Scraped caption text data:
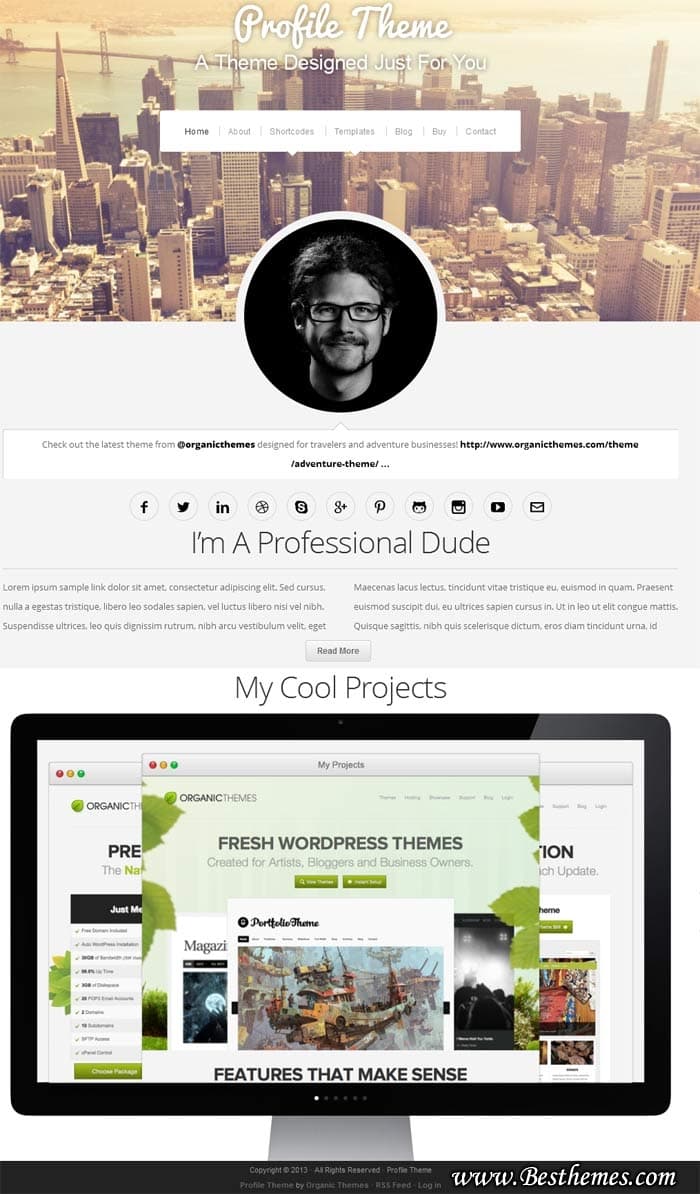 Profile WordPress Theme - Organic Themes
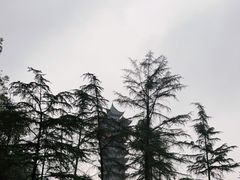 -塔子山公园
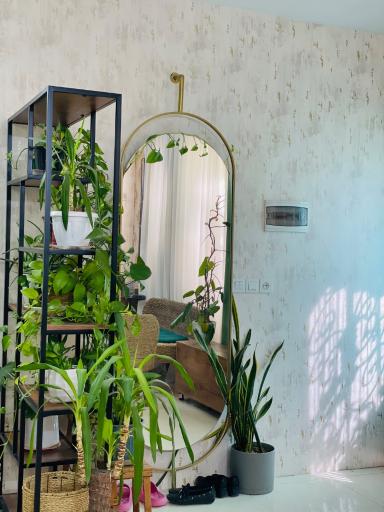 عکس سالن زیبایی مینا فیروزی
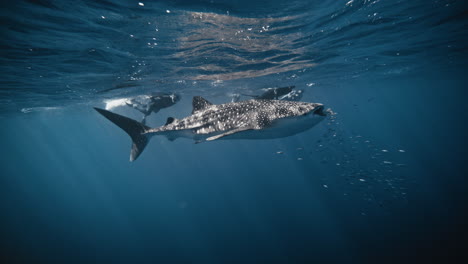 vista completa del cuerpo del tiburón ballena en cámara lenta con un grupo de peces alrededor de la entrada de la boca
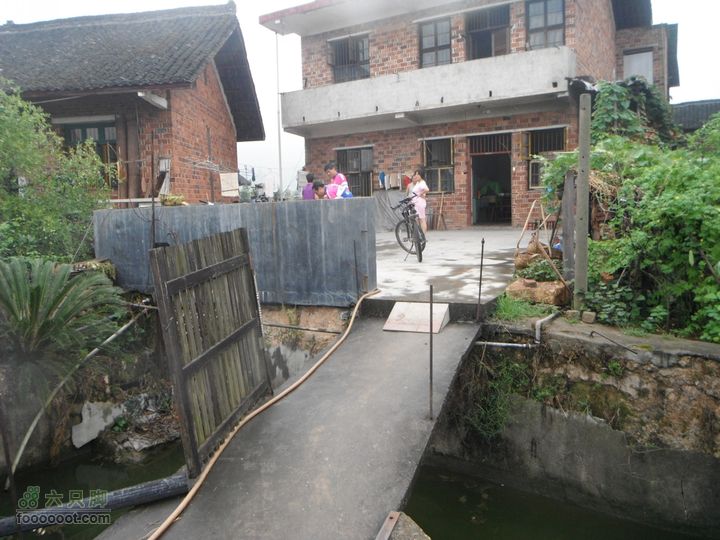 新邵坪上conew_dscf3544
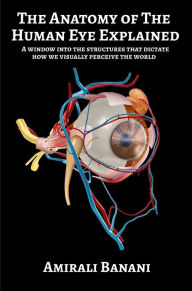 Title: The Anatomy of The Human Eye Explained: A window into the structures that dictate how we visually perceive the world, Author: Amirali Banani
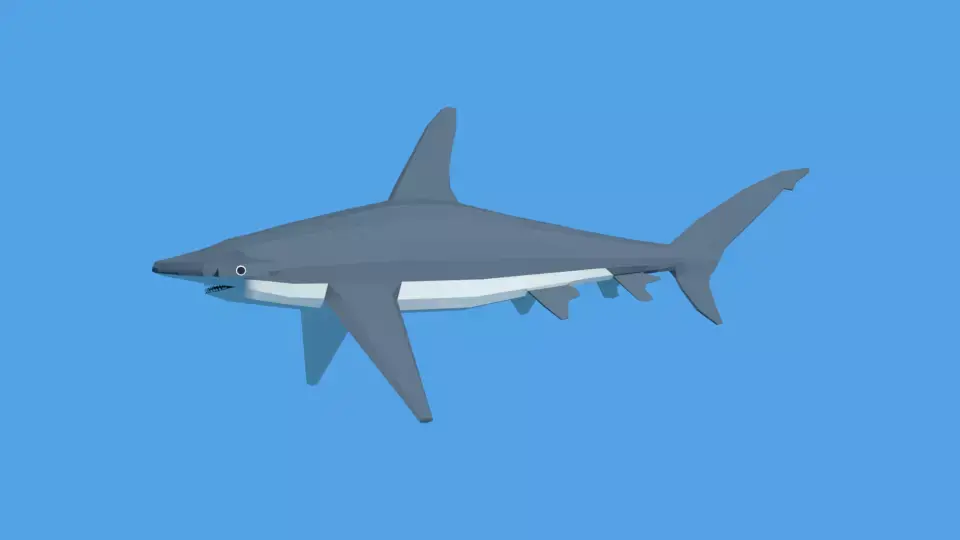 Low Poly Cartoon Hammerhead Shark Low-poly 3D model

Exercise brief: Return exactly, with no pictures, each line from the one that contains "Title: The Anatomy" through the end of the entries above, both ends included.

Task solution:
 Title: The Anatomy of The Human Eye Explained: A window into the structures that dictate how we visually perceive the world, Author: Amirali Banani
 Low Poly Cartoon Hammerhead Shark Low-poly 3D model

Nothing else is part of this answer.